Beans, carrots, peas, potatoes, asparagus, squash, cucumbers, tomatoes, cabbage, peppers, beets, onions, and corn can all be canned. If you’re into pickled veggies, reach for peppers, beets, onions, and cucumbers.
Freezing vegetables is another great option, but be sure you have enough freezer space to accommodate all the freezer bags you fill. Broccoli, cauliflower, spinach, onions, peas, squash, carrots, corn, artichokes, eggplant, mushrooms, and brussels sprouts all freeze well. It’s a good idea to blanch the produce first before placing it into airtight freezer bags – and remember to label each bag with its contents and freeze date. Consume the oldest frozen food first to avoid waste from freezer burn, which can happen in as little as three months even with proper preparation.
Share or Donate
Aside from simply giving zucchinis and cucumbers to your neighbors and family members, there are several ways you can share your excess harvest while helping other people out. Place your excess fruits and vegetables in a box or a basket with a sign that says “Free Food! Please take and enjoy.” in your front yard by the curb. Make sure to remove any spoiled food that is left over, placing those in the compost pile, and then replenishing the box daily with more excess harvest.

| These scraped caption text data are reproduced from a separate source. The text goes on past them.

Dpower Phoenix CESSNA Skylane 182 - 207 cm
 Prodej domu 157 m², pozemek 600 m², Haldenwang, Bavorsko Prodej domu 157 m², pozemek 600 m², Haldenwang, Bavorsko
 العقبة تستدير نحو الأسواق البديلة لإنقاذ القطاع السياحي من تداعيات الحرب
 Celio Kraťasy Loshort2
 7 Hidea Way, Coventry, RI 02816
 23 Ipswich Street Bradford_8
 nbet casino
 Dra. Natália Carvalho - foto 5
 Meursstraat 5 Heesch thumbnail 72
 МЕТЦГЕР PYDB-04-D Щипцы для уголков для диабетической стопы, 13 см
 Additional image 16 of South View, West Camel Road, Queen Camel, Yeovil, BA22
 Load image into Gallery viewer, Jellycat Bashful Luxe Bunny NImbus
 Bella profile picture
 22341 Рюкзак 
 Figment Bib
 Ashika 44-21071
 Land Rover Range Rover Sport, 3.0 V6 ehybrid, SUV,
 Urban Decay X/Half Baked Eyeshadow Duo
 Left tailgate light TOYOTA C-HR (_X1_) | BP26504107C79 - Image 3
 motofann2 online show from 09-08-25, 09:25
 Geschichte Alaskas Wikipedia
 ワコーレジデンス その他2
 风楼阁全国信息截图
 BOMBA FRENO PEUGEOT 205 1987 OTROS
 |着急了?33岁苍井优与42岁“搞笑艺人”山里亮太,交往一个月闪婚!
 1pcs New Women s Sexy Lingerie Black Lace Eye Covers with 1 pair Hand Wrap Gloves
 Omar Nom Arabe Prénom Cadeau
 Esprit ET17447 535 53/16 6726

Many food banks and soup kitchens accept excess harvest from your backyard garden, but you’ll want to call ahead to make sure the ones in your area do accept perishable food. Ask about their guidelines for delivery, and if they have days that are preferable to receiving donations. Most donation sites ask that you bring only produce that you would serve your own family – no rotting or overly bruised foods – making sure it is clean and transported in a food-safe container.
With a little planning, you can avoid excess harvest altogether – and with a few tools and added instruction, you can feed your family throughout the year, share with neighbors, and help out those in need, all from your backyard garden.